[Stored dataset items]
-=-=-=-=-
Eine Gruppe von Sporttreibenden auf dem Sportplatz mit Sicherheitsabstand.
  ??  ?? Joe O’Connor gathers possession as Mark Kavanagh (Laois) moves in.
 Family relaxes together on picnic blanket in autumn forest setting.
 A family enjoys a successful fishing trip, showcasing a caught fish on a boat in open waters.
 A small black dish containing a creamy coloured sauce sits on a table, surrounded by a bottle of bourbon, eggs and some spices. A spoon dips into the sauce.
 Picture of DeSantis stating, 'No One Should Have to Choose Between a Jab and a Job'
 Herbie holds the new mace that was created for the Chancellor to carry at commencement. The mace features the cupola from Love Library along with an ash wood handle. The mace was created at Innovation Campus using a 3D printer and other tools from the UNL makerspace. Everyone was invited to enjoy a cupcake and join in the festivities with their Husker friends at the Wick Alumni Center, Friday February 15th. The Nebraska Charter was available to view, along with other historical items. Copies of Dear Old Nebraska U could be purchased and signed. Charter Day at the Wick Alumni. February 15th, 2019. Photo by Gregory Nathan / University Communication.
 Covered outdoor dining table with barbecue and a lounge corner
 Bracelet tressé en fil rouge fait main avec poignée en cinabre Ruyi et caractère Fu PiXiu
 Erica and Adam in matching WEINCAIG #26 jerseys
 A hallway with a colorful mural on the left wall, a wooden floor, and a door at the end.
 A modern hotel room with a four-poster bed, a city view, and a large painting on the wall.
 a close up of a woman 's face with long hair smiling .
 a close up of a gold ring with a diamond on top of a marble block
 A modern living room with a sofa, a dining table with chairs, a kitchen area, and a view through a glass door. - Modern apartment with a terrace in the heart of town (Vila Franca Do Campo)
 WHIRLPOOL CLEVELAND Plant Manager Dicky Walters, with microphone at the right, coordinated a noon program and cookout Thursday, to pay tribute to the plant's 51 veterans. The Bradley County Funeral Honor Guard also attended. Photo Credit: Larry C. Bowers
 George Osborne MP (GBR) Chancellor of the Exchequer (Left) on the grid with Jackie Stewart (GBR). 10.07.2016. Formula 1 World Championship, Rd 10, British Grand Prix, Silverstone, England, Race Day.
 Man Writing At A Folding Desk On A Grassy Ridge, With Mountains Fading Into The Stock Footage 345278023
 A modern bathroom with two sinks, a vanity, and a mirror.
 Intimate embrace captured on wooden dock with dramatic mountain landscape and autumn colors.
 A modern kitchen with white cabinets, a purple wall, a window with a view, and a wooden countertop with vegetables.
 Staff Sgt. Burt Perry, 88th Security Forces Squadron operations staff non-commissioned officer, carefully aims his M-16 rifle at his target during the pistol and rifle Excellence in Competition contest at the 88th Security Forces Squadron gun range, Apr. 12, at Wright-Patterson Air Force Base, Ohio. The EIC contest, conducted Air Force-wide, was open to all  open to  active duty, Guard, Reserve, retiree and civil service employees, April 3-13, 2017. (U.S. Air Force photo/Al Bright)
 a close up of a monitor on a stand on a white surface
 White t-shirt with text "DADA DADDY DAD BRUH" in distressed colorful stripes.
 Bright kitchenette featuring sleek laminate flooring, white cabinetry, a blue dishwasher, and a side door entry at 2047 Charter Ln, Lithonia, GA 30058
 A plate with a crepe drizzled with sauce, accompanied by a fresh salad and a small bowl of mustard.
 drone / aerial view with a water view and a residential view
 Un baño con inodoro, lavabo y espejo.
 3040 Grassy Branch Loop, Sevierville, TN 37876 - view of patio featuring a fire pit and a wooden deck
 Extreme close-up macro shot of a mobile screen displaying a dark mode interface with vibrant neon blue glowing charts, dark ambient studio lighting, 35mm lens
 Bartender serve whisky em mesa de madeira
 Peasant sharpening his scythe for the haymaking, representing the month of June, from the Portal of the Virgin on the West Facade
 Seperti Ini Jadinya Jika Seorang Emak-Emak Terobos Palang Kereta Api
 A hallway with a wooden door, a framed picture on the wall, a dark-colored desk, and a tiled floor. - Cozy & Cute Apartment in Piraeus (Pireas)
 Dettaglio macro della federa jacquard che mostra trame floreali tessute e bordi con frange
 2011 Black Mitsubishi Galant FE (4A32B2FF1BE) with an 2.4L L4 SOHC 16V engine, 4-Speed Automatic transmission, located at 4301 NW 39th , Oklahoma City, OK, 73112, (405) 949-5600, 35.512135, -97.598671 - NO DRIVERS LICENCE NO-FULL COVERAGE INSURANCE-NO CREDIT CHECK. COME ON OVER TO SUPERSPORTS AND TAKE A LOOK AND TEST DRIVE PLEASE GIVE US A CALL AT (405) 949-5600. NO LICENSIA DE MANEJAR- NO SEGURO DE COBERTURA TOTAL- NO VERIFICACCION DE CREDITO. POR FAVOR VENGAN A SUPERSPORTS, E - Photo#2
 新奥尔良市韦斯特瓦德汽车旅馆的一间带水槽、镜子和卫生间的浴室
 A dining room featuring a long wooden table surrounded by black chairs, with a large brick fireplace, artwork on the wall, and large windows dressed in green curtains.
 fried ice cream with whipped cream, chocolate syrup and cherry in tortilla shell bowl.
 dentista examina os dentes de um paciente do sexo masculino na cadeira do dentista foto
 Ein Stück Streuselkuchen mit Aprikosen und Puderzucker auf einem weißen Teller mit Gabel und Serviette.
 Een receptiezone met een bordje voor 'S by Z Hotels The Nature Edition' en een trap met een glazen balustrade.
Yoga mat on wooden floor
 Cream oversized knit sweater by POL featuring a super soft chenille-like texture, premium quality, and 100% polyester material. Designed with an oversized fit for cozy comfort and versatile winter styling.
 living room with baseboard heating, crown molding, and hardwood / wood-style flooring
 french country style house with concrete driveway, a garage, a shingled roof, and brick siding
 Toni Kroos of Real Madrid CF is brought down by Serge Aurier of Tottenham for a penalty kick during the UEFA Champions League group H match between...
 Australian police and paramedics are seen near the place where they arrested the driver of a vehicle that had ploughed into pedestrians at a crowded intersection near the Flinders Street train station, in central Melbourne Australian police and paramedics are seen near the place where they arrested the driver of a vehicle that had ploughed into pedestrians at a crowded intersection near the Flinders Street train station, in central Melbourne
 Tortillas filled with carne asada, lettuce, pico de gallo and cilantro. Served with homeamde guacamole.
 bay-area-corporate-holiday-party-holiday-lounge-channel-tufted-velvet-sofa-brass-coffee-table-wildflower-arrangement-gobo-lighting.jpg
-=-=-=-=-
TASK PROMPT:
Look above for the line that contains "Peasant sharpening his". Starting there, transcribe every line exactly until you have copied the line that contains "Dettaglio macro della".

COMPLETED EXERCISE:
 Peasant sharpening his scythe for the haymaking, representing the month of June, from the Portal of the Virgin on the West Facade
 Seperti Ini Jadinya Jika Seorang Emak-Emak Terobos Palang Kereta Api
 A hallway with a wooden door, a framed picture on the wall, a dark-colored desk, and a tiled floor. - Cozy & Cute Apartment in Piraeus (Pireas)
 Dettaglio macro della federa jacquard che mostra trame floreali tessute e bordi con frange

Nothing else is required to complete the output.